Petersen noted that games outlive studios and concluded that “Games are more important than game companies, and Quake is an iconic titan of the gaming world.” Even so, he added, “man alive it seems like the company could have had its act together better and kept that dream team.” Quake was “absolutely” worth the cost it extracted from id, he wrote in a separate beat. “Games are more important than game companies,” he repeated, and then began listing who had left id within a couple years of finishing the game.

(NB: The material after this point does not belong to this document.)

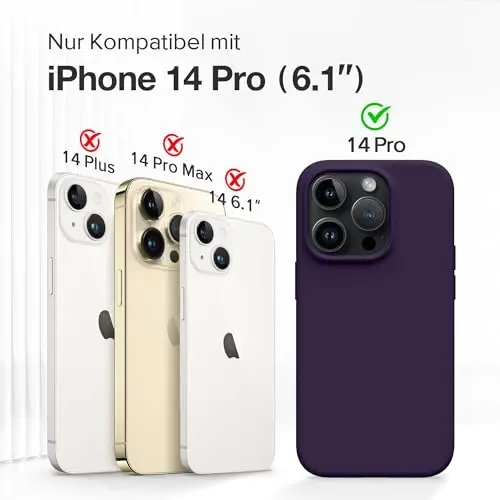 GONEZ Magnetic for iPhone 16 Pro Case, Compatible with MagSafe, [Screen Protector + Camera Lens Protector], Silicone Shockproof Anti-Scratch Protective Phone Case 6.3 inch, Deep Purple - 2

Who Left id Software in the Years After Quake
Petersen then walked through who walked out. “Within a couple years of finishing Quake,” he listed John Romero, Shawn Green, Dave Taylor, Mike Abrash, American McGee, and himself as departures from id Software. “All of them went on to have long and fruitful careers in game development,” he wrote, “so plainly we didn’t depart because of some kind of talent issue.”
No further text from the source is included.